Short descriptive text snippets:
──────────

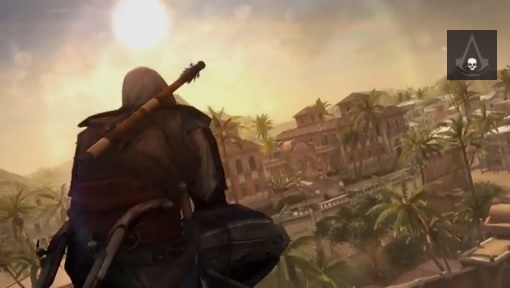 Gamescom 2013 Stealth Trailer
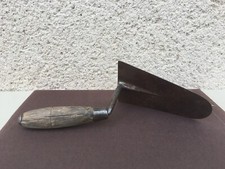 Ancienne petite truelle - , de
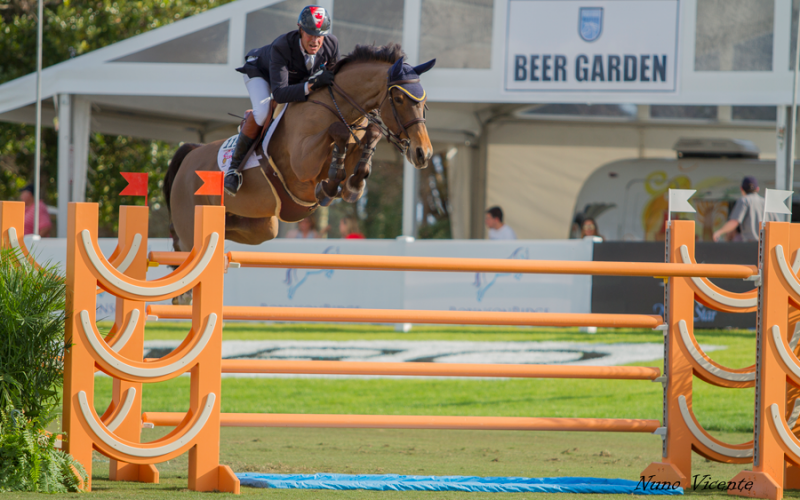 CSI3 Wellington Veterano Ian Millar Ganha Qualificativa Para O Grande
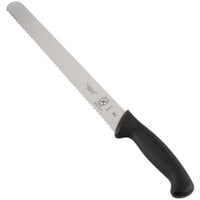 Mercer Culinary M23111 Millennia® 11" Serrated Edge Slicer Knife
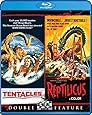 Tentacles / Reptilicus [Blu-ray] [US Import]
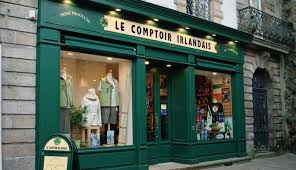 Vannes Comptoir Irlandais Irlandais Vannes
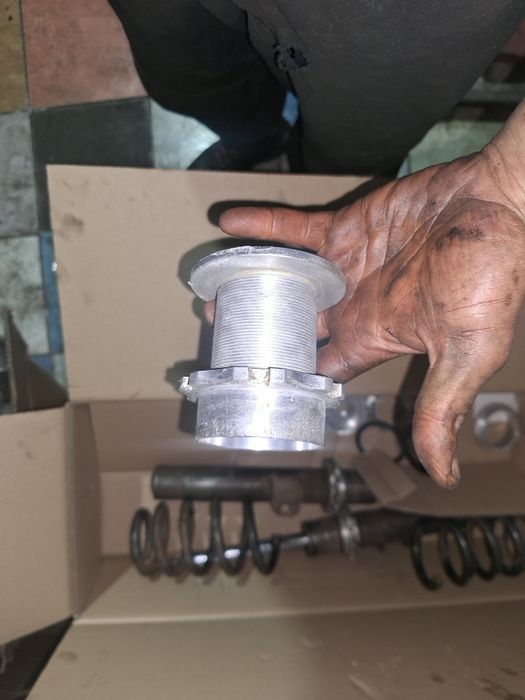 Set Suspensie Reglabilă H&R (Coilovers) Bmw e46– Arcuri complete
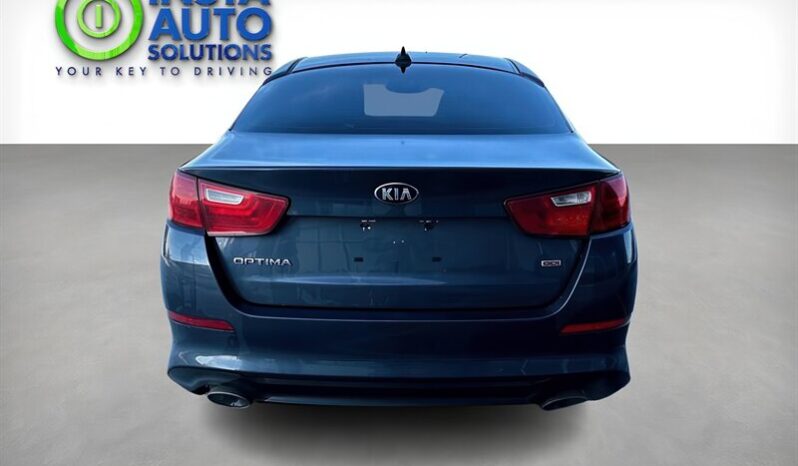 
								2015 Kia Optima LX full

──────────

What the task asks — Write the entries out again word for word. Omit all pictures from them.

Expected answer —
 Gamescom 2013 Stealth Trailer
 Ancienne petite truelle - , de
 CSI3 Wellington Veterano Ian Millar Ganha Qualificativa Para O Grande
 Mercer Culinary M23111 Millennia® 11" Serrated Edge Slicer Knife
 Tentacles / Reptilicus [Blu-ray] [US Import]
 Vannes Comptoir Irlandais Irlandais Vannes
 Set Suspensie Reglabilă H&R (Coilovers) Bmw e46– Arcuri complete
								2015 Kia Optima LX full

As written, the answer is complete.